Xinyi Yuan¹, Sabyasachi Shivkumar², Maeve Silverman¹, Ralf M. Haefner¹; ¹University of Rochester, ²Columbia University

Retinal motion is a key cue for inferring object motion, scene parsing, and object relationships. Recent work has modeled this as hierarchical causal inference (Shivkumar et al., 2024), assuming the brain infers causal links between moving elements in a scene in order to construct the reference frame within which to represent motion. For example, a person’s motion should be interpreted in the frame of a moving escalator if they are walking on it, but not otherwise. We tested this by manipulating the causal structure of a scene using a center-surround motion stimulus. Typically, perceived center motion is biased towards the surround's direction for small relative differences (integration) and away for larger differences (segmentation). If causal inference drives this bias, it should weaken when evidence against a causal link is provided and strengthen when evidence supports it.

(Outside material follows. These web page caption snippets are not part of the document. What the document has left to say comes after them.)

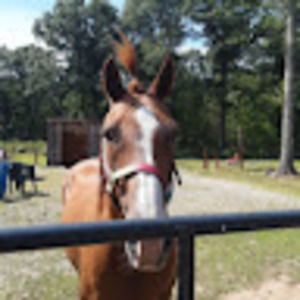 Meet your Posher, Morgan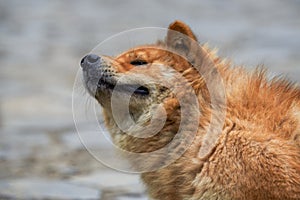 A close-up of a rural Chinese pastoral dog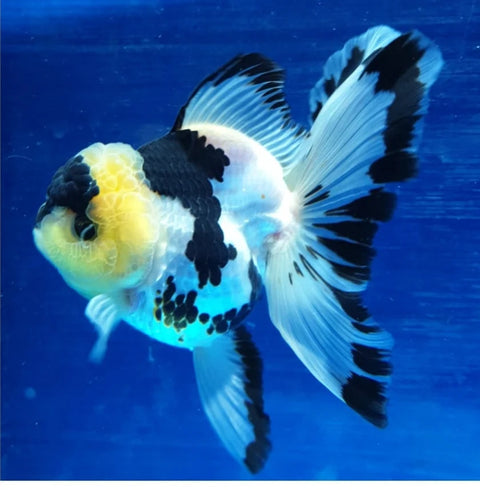 Panda - Show Grade Juvenile Oranda Short Body - IN STORE ONLY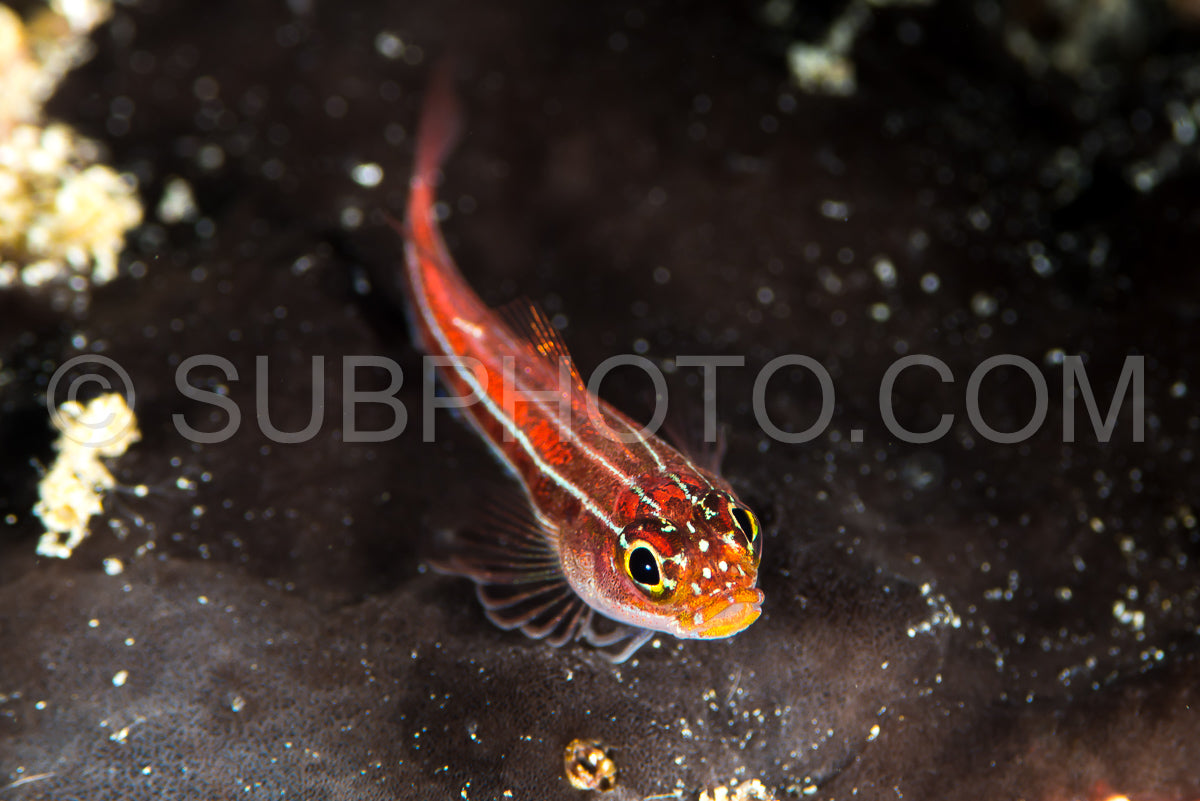 striped triplefin on a reef
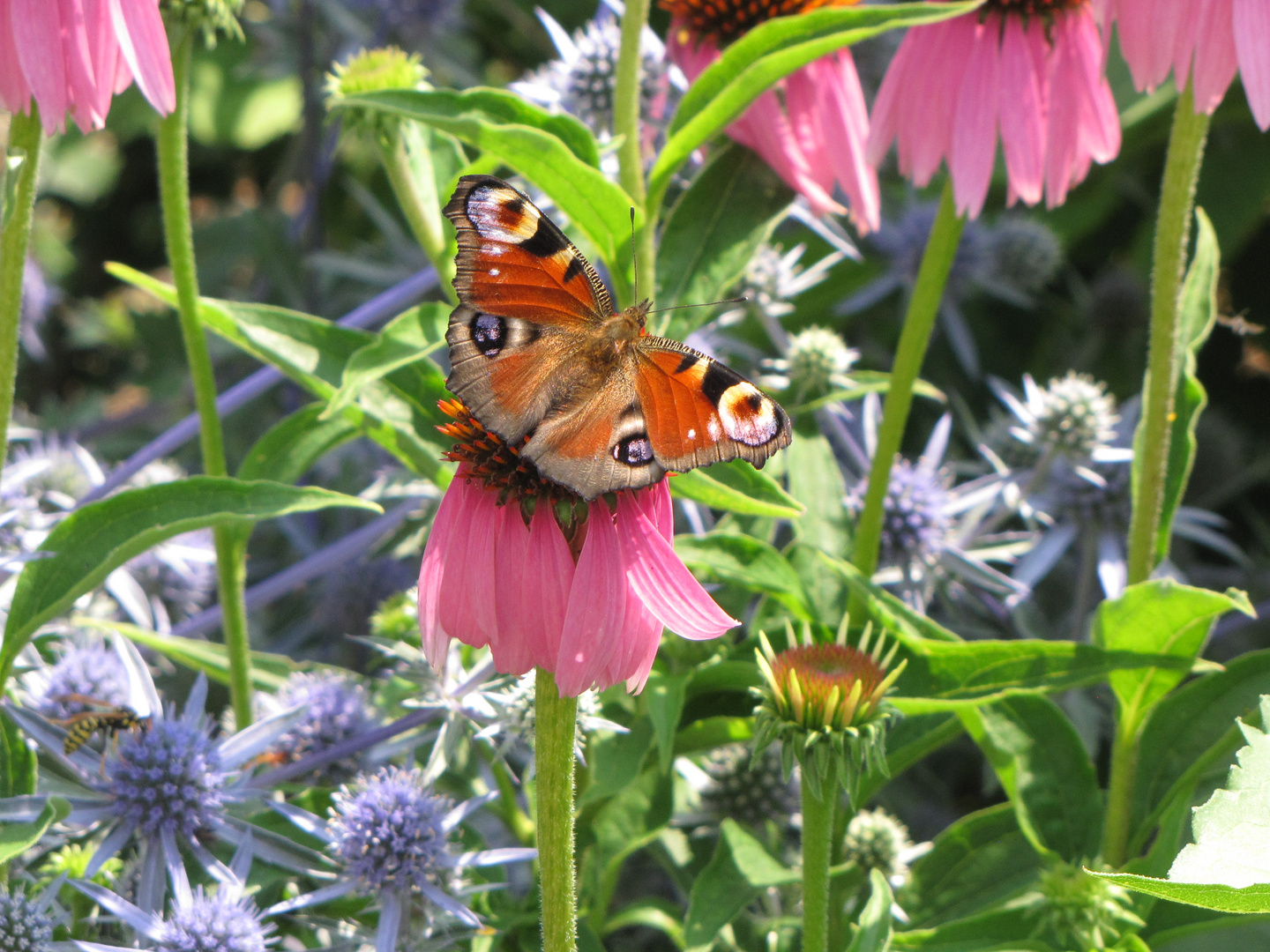 Schmetterling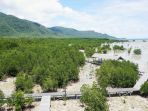 hutan-mangrove_20170205_104310.jpg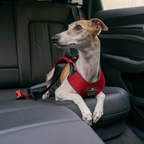 Crash-Tested Dog Car Safety Harness product image 23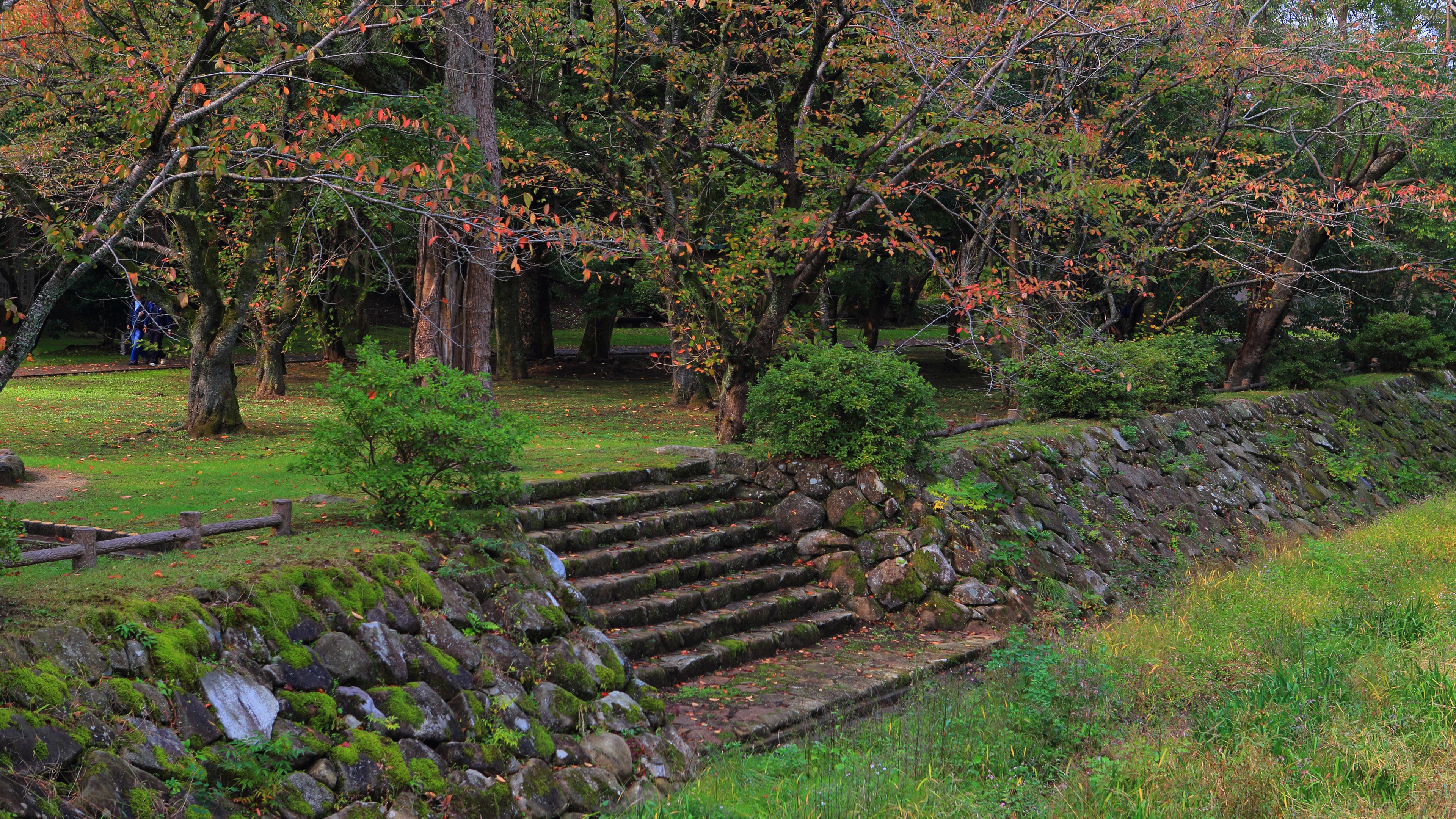 Autumn forest park wallpaper wallpaper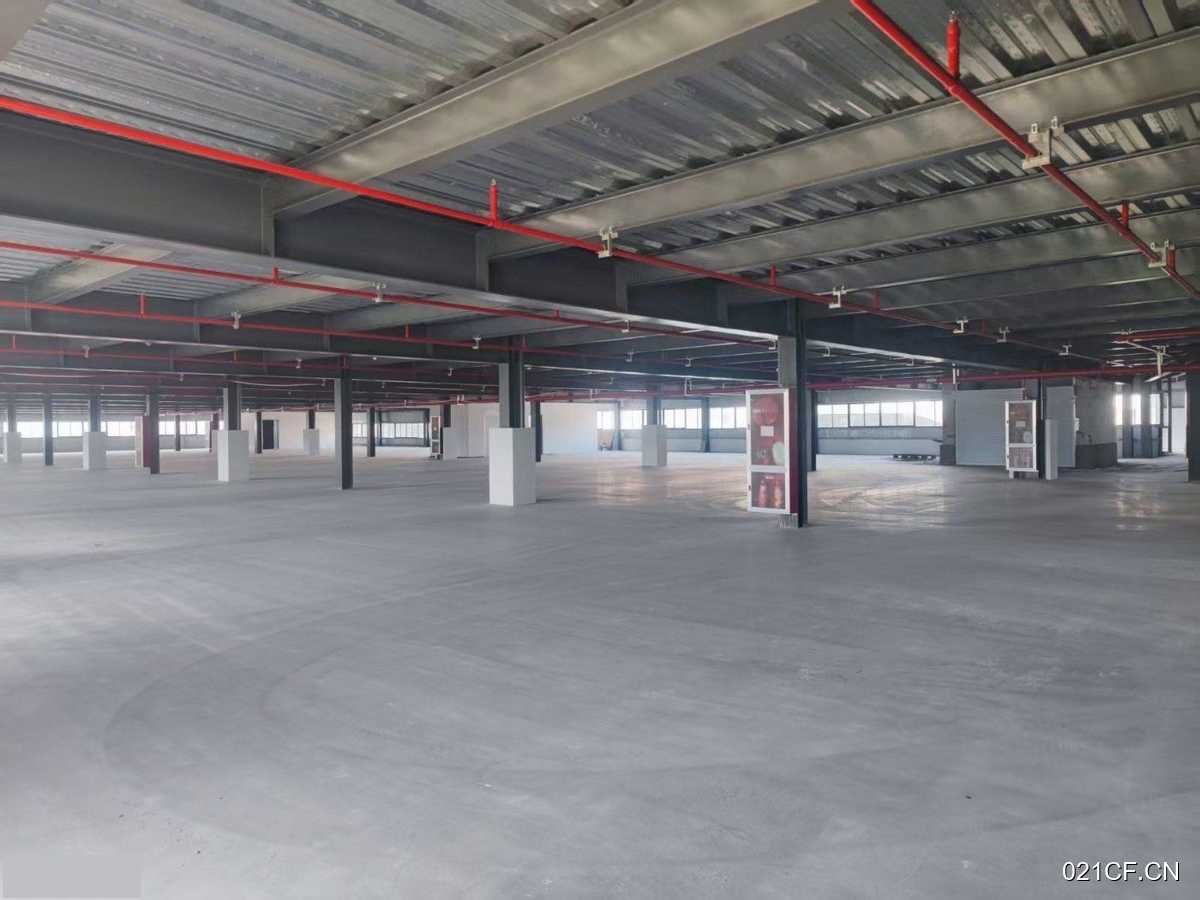 金华东阳厂房出租实景图2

Four human observers reported their perceived motion direction using a dial under four conditions: (1) both center and surround reversed direction in a way consistent with a causal link, (2) the center did not reverse while the surround did, weakening causal evidence, and (3)&(4) observers controlled the reversal point using a button press, further modulating causal evidence. Results showed biases that clearly differed between causal conditions. Interestingly, direct intervention by observers provided little additional causal information compared to the observation of common motion alone. Notably, we found substantial inter-observer variability: two observers showed a reduction in surround influence in conditions 2&4 compared to 1&3, reflecting the differences in causal information, while the effect was less clear for the other two. Furthermore, even in the acausal conditions 2&4 a bias remained. These findings highlight unexpected variability in how observers interpret common motion and suggest that retinal motion provides robust causal information, with limited additional benefit from direct stimulus control.

Acknowledgements: We acknowledge funding support from NIH/U19 NS118246, and NSF/CAREER IIS-2143440.